傘をひらいて、空を

伝聞と嘘とほんとうの話。

レストランの開会式

 疫病が流行しているのでよぶんな外出を控えるようにという通達が出された。そのためにレストランの営業は20時まで、アルコール類の提供は19時までが推奨されている。わたしの好きなレストランも軒並みそうしている。
 そのうちの一件に予約の電話をかけた。17時一斉スタートですべての客に同じコースを提供する形式にしているということだった。こうするしかないので、と店主は言った。いつものようにアラカルトもやりたいのですが、とてもできません。それでもよろしければ、どうぞいらしてください。17時に伺いますとわたしはこたえた。

 さて、17時に開店、同時にスタートということは、その五分前ほどに到着すればよいか。通常レストランに行くときにはそんなに厳密にやらないのだが、なにしろ一斉スタートである。全席埋まった状態で美しく17時を迎える、みたいな感じにしたい。わたしは同行の友人にそのように話し、わざわざ少し前に待ち合わせ、駅前のドラッグストアで時間をつぶして、きっちり五分前に店のドアをあけた。他の席はすでに埋まっていた。
 各席気合いじゅうぶんである。わたしたちはゲート前の競走馬のごとく開始のときを待った。運動会の徒競走で使う空砲みたいなやつがあるといいのにな、とわたしは思った。
 しかし現実はわたしの妄想を越えていた。シェフがやけに本格的な音響装置の前に立ってマイクをにぎったのだ。まさかの「開会宣言」である。

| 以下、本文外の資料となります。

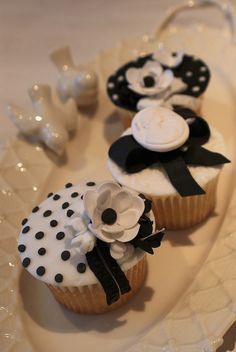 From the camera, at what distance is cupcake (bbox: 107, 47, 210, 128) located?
4.75 feet

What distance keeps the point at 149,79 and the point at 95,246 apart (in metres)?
0.60

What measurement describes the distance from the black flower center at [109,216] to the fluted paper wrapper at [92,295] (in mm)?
134

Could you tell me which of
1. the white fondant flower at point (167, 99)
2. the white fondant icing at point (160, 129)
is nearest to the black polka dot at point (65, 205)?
the white fondant icing at point (160, 129)

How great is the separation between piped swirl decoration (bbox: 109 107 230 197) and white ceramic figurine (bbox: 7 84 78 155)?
0.22 meters

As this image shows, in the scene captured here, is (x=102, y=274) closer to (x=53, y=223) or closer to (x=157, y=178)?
(x=53, y=223)

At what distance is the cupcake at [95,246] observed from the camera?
3.41ft

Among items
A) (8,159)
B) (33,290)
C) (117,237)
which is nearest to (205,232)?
(117,237)

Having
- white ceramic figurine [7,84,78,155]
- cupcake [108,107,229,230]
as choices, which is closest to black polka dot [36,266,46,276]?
cupcake [108,107,229,230]

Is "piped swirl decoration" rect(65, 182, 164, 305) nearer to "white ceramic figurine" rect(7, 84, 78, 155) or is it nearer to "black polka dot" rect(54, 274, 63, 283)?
"black polka dot" rect(54, 274, 63, 283)

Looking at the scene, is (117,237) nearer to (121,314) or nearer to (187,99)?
(121,314)

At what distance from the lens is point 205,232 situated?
1.31 m

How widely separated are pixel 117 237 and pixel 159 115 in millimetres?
400

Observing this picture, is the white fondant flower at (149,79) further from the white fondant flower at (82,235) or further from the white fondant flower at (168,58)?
the white fondant flower at (82,235)

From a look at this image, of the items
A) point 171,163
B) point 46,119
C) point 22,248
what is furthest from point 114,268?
point 46,119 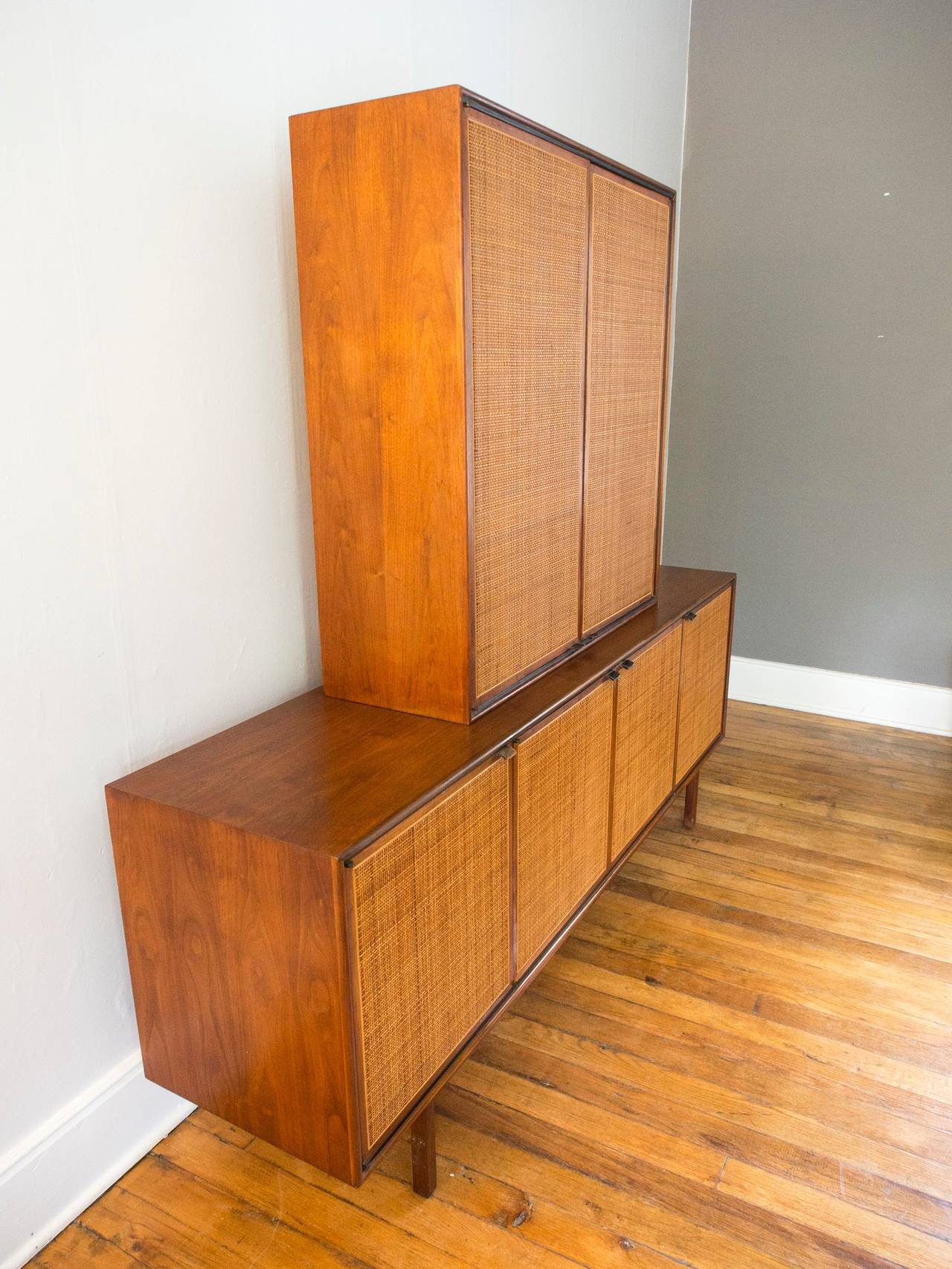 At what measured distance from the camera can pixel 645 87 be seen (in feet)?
10.6

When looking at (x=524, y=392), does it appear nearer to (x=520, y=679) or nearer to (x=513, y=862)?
(x=520, y=679)

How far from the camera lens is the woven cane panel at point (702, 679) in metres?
2.53

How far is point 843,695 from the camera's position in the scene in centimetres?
369

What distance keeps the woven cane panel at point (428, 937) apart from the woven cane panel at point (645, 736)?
553mm

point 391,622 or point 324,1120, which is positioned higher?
point 391,622

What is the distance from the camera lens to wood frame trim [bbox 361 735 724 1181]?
55.2 inches

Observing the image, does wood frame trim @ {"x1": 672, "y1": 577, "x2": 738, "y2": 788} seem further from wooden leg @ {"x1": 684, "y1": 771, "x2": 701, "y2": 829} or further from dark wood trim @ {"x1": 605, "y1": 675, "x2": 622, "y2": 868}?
dark wood trim @ {"x1": 605, "y1": 675, "x2": 622, "y2": 868}

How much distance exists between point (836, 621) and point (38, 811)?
3097 mm

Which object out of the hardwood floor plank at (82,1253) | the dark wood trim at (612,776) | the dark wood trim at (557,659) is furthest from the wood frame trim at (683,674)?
the hardwood floor plank at (82,1253)

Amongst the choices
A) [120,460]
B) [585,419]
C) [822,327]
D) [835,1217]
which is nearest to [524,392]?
[585,419]

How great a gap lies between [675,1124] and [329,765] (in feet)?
3.15

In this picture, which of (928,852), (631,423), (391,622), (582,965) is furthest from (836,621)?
(391,622)

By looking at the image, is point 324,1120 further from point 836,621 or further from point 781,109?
point 781,109

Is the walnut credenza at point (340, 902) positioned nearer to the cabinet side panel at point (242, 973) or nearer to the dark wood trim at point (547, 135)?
the cabinet side panel at point (242, 973) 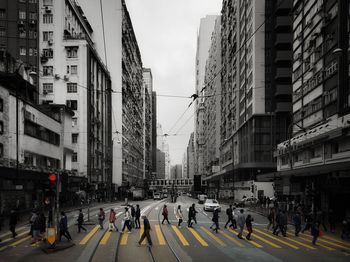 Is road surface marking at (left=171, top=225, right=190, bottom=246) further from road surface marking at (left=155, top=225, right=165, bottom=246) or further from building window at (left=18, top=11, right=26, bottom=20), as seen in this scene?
building window at (left=18, top=11, right=26, bottom=20)

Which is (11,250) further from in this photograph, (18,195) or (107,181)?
(107,181)

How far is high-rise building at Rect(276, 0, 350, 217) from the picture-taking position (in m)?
33.6

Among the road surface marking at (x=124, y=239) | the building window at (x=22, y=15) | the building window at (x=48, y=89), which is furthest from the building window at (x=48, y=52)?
the road surface marking at (x=124, y=239)

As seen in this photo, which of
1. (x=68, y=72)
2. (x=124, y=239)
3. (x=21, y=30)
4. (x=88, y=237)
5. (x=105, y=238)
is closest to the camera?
(x=124, y=239)

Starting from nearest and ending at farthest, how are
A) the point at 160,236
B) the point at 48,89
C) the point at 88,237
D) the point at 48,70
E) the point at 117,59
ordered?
1. the point at 88,237
2. the point at 160,236
3. the point at 48,89
4. the point at 48,70
5. the point at 117,59

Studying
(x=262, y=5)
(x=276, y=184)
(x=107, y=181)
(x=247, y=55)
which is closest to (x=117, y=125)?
(x=107, y=181)

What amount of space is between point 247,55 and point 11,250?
208 ft

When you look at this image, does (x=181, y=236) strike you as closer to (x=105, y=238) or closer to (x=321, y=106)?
(x=105, y=238)

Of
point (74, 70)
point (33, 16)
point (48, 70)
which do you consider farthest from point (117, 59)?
point (33, 16)

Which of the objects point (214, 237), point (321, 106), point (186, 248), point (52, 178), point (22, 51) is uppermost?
point (22, 51)

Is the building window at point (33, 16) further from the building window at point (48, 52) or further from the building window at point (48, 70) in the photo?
the building window at point (48, 70)

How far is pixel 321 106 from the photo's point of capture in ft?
131

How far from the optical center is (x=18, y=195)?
1638 inches

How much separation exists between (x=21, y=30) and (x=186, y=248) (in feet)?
194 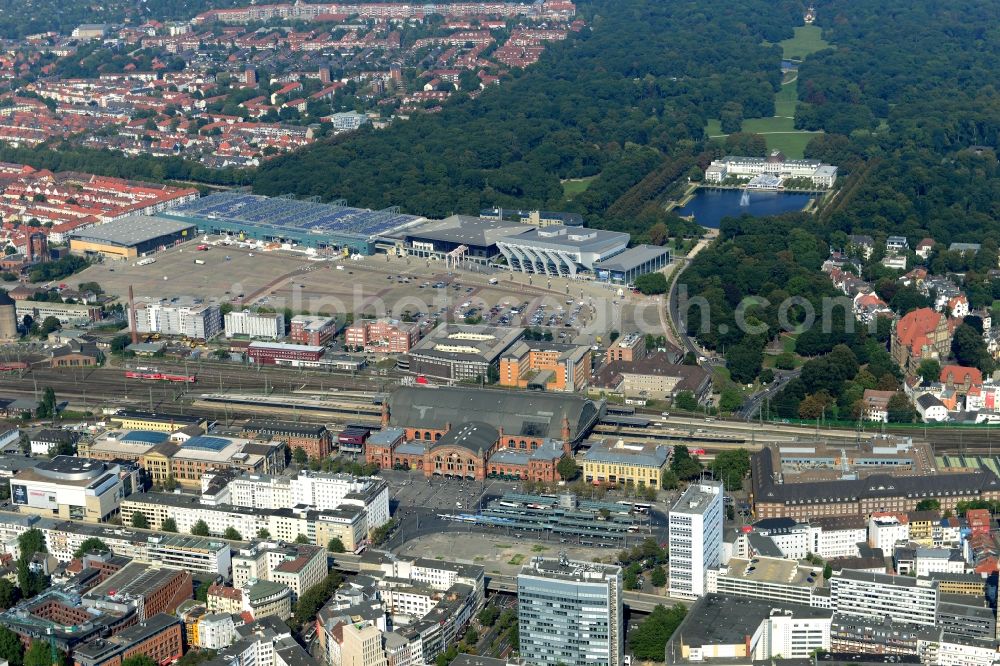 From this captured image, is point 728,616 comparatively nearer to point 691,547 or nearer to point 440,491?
point 691,547

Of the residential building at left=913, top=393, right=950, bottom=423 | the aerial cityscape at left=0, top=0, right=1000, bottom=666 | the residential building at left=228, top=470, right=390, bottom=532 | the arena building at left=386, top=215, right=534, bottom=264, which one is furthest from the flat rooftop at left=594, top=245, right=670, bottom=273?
the residential building at left=228, top=470, right=390, bottom=532

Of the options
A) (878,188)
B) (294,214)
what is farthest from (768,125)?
(294,214)

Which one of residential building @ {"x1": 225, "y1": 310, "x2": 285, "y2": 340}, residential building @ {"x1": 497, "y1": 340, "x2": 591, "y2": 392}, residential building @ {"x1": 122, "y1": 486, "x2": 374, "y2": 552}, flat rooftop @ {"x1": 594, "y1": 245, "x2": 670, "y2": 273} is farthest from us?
flat rooftop @ {"x1": 594, "y1": 245, "x2": 670, "y2": 273}

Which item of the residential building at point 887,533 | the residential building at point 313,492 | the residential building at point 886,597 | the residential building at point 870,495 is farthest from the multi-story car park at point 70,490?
the residential building at point 887,533

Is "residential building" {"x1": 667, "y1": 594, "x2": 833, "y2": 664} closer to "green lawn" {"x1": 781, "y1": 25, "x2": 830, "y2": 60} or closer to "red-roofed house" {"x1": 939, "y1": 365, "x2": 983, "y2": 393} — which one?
"red-roofed house" {"x1": 939, "y1": 365, "x2": 983, "y2": 393}

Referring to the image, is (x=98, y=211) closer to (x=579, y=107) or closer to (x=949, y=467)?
(x=579, y=107) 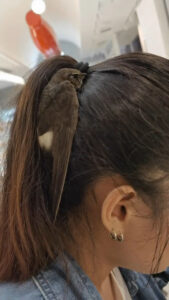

わたしはおおいに愉快な気分になり、最初の一杯をシャンパンにすることにした。だって、なんだかおめでたいじゃないか。

 そんな真剣な姿勢で外食したくないという人もいっぱいいるだろう。店の都合に合わせるのがいやだという人もいるだろう。でもわたしたちは合わせる。不要不急とされるぜいたくな食事を親しい人とすることなしに、わたしの人生は成り立たない。わたしは祝祭的な皿の数々を要し、それを出す場であるレストランに急ぐ。
 疫病禍で変更された規範にはそれなりに適応している。幸いに職があり、住むところもある。精神の健康も保っているつもりだ。それでもわたしは近ごろ、こんなに愉快な気持ちで笑うことがなかった、と思う。
 なぜかといえばたぶん「何ヶ月ものあいだ、自分が予測できないことが起きなかった」からである。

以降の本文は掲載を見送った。